Parent Trigger Trouble

Yesterday I saw a couple of tweets for links and comments about the upcoming parent trigger legislation. They were positive of course. I am truly hoping this legislation goes nowhere. In its current form it makes no sense if your basis is school choice. I have more than one problem with this legislation.

My first problem is it is not truly choice that it is about. When you have one option for one group that is not choice. If this legislation to truly be about choice then private and charter school parents should have the option to make their schools public if they have D's or F's. By the way these schools fail as well. We obviously don't get private school info but on SDE website one can go to A-F and type in charter to see the charter districts. Well guess what, 30% of their schools have D's or F's. This is compared to 9% for public schools, would be 5.4% if State Board of Ed had used growth formula the Superintendents asked for. So why legislation to turn schools in a system that fails at a greater percentage? Because perhaps its not about choice but the decay of public schools.
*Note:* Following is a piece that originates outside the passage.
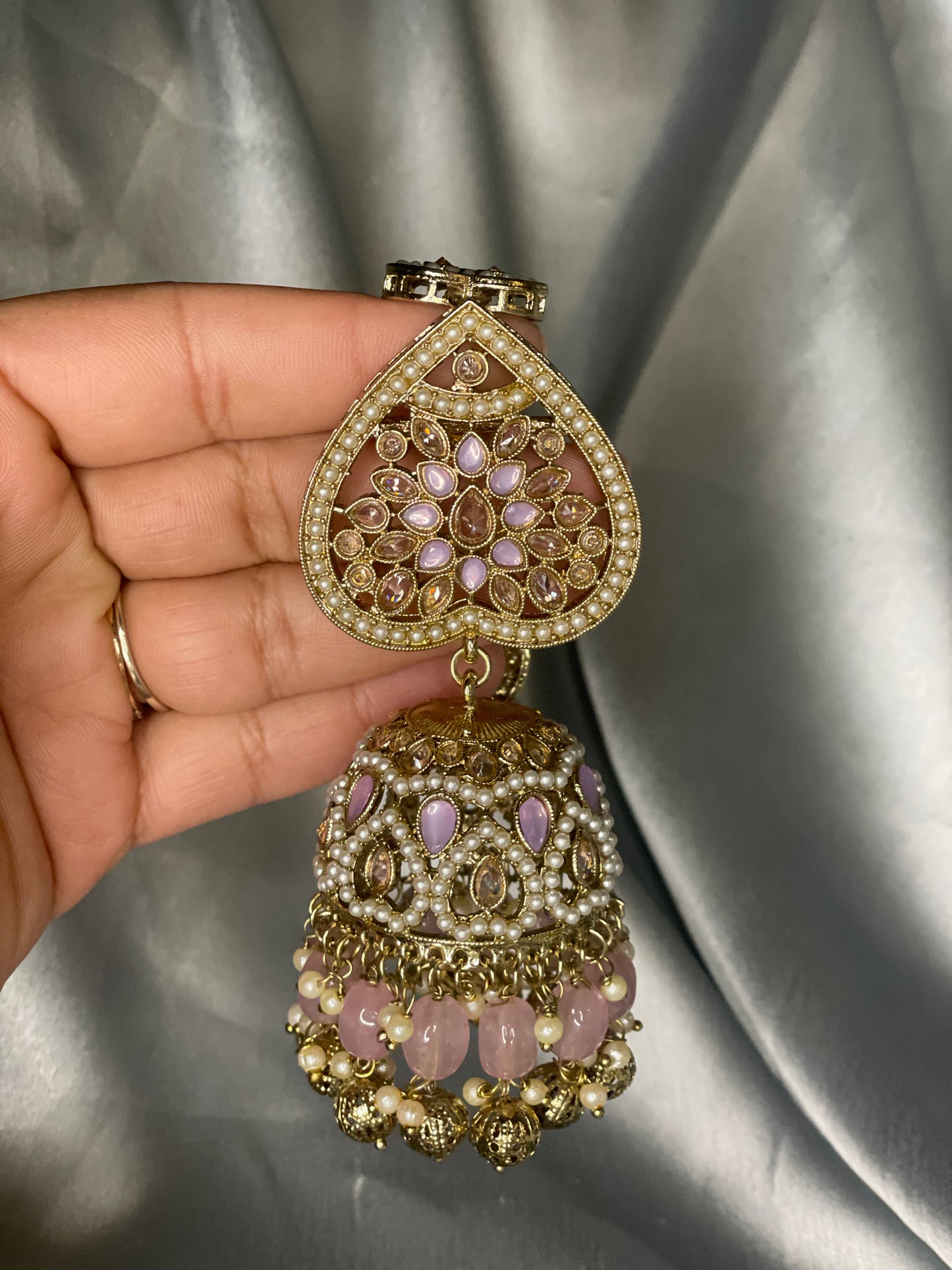 FATEMA Polki Jhumka Earrings and Tikka Set - Lilac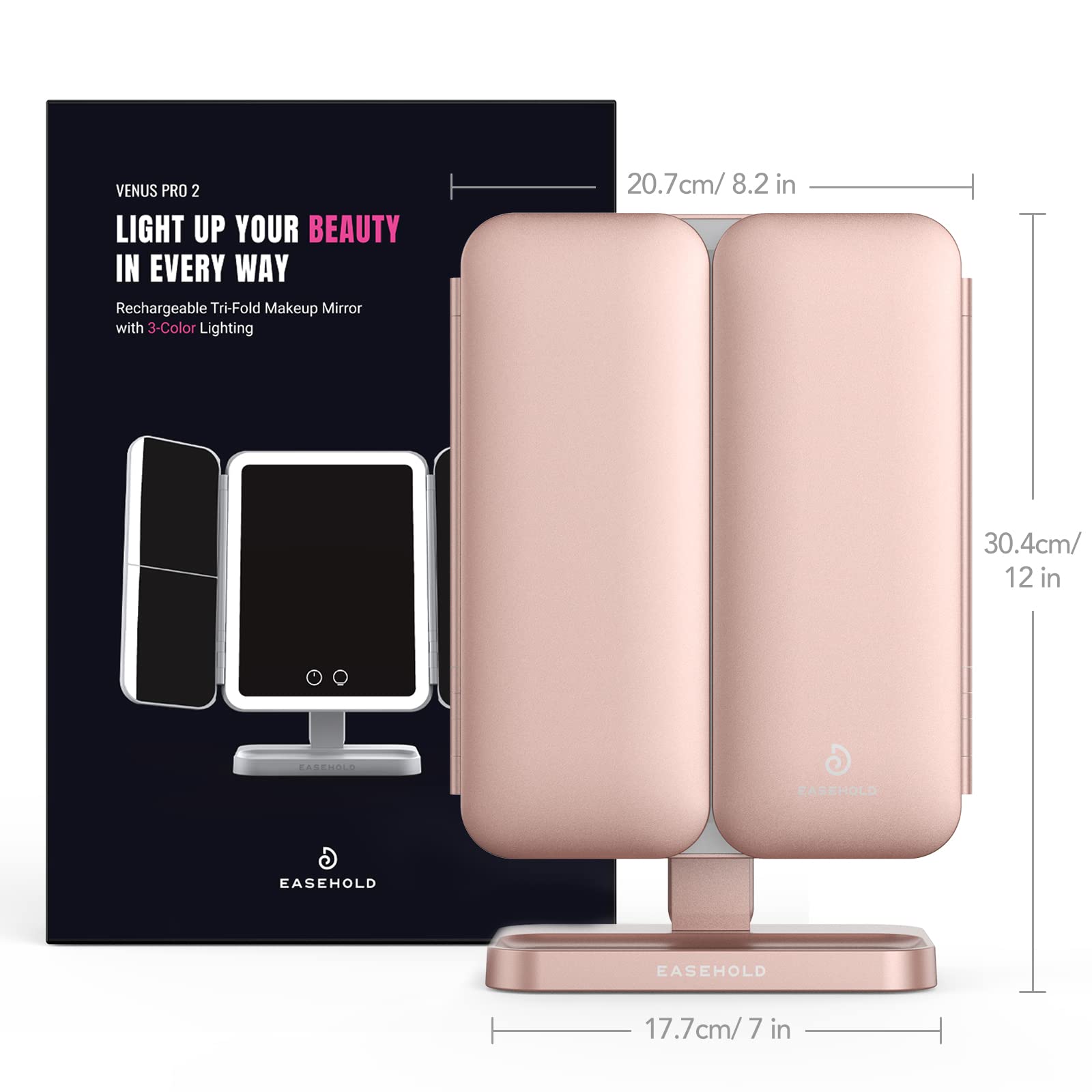 EASEHOLD vanity mirror stepless dimming adjusts brightness for day to night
My second issue it is goes around an elected body. That's as undemocratic as it gets. I am all for parents having say, I love teacher organizations and parent involvement. We have a system for parents to get involved. We have a democratic process to follow. We need parents and patrons that care about schools on school boards. But that is where the decisions need to be made. You should not be able to get around an elected body. Just so you can divert more money away from public schools.

Another issue I have is the 50% rule. I brought this up during my meeting with Rep. Nelson. How come everything takes 50% passage but bond passage doesn't. He didn't have an answer for me. How come it takes 50% to radically change a school but 60% to build facilities, infrastructure  and plan for the future. State questions don't take 60% but they can alter education or take away funds. Officials get elected at 50%. It just makes no sense to me.

Lastly my final issue is, what if that doesn't work. What do the parents do then? As I pointed out charters fail at a higher percentage. Is they a way for parents to transform that school? Can it go back to public? Go private? What happens when they  find out its not that it is a public school that's the problem? There has to be measures to address this issue. If not, then it truly is about just chipping away at public schools.

This legislation just doesn't have enough thought. It doesn't because it comes from national "Think Tanks" like ALEC or FEE. Its not about kids, its about corporate reform from big business, financial institutions, and non educators. Please defeat this bill. The kids of Oklahoma need you too!!